▶ _RECORDED INFORMATION_:
* * *

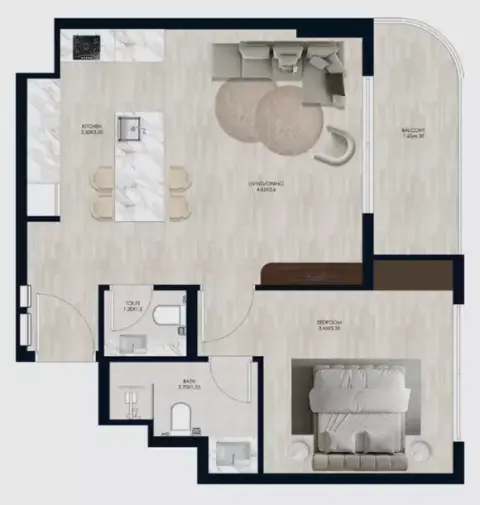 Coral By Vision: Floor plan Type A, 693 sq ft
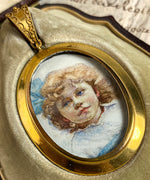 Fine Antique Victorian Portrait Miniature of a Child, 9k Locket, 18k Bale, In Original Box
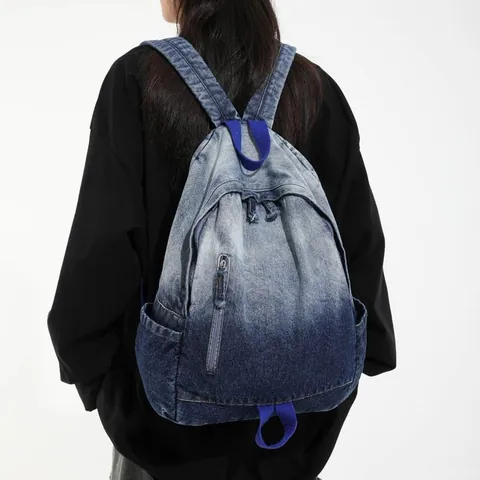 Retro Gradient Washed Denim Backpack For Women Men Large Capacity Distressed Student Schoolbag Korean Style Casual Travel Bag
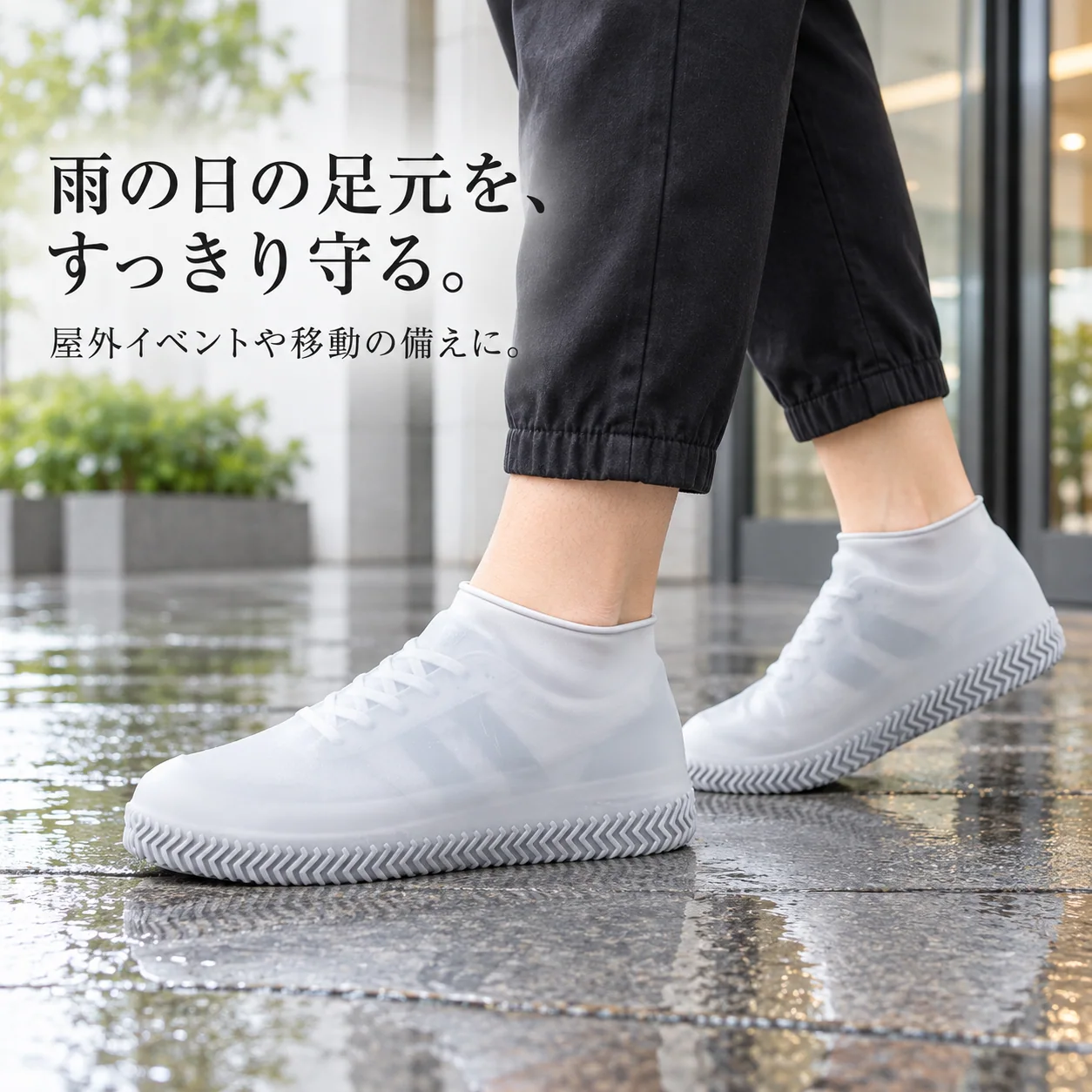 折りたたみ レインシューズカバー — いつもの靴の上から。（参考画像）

* * *

Repeat the material above exactly. Leave every picture out of it.

 Coral By Vision: Floor plan Type A, 693 sq ft
 Fine Antique Victorian Portrait Miniature of a Child, 9k Locket, 18k Bale, In Original Box
 Retro Gradient Washed Denim Backpack For Women Men Large Capacity Distressed Student Schoolbag Korean Style Casual Travel Bag
 折りたたみ レインシューズカバー — いつもの靴の上から。（参考画像）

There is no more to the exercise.